The increasing costs and surging cases have advocates calling for Congress to approve another round of relief funding. Congress passed a $175 billion provider relief fund as part of the CARES Act and Health and Human Services dedicated more than $10 billion of that specifically to rural providers.
“We are looking at and working with HHS to hopefully get the accounting on the last round of the provider relief funds,” Schlabach said.
HHS announced on Friday that it had distributed $106 billion of CARES Act relief money to 548,550 providers.
Congressional leaders are also in talks over another round of COVID-19 relief, but a stalemate over the size of the package continues.
Ray with the Chartis Group said that rural hospitals, which traditionally operate on narrow margins, have been able to stay afloat financially despite the cessation of elective procedures at the start of the pandemic.
“I would anticipate the stress of the next few months would send [Congress] to the table [for]another round at least of some relief,” Ray said.
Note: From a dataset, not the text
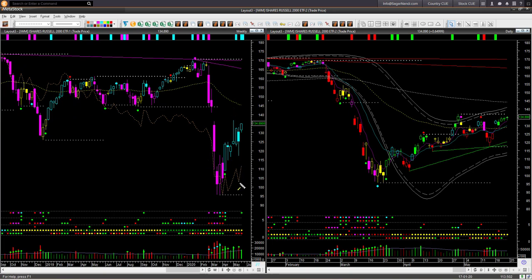This week IWM outperformed the other ETFs — the relative performance tilted up. IWM is also the only ETF where both the weekly candle shape and color are bullish.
Meanwhile, rural hospitals are turning to their communities to implore them to mitigate the spread by mask use and social distancing.
“They have credibility because there are a lot of communities that felt it would never get to them and it is there,” Ray said.
Norton, which has a population of about 17,000, has reported nearly 1,000 COVID-19 cases since the start of the pandemic, according to data from the New York Times.
Allen said a lot of the community’s cases stem from a nearby prison and an outbreak at a nursing home. The hospital though is pressing the community to take action to mitigate the virus, including by advocating mask use and social distancing.
“I do think more and more people are catching on that we need to hand wash and social distance and do our best to protect [our] community and healthcare workforce,” she said.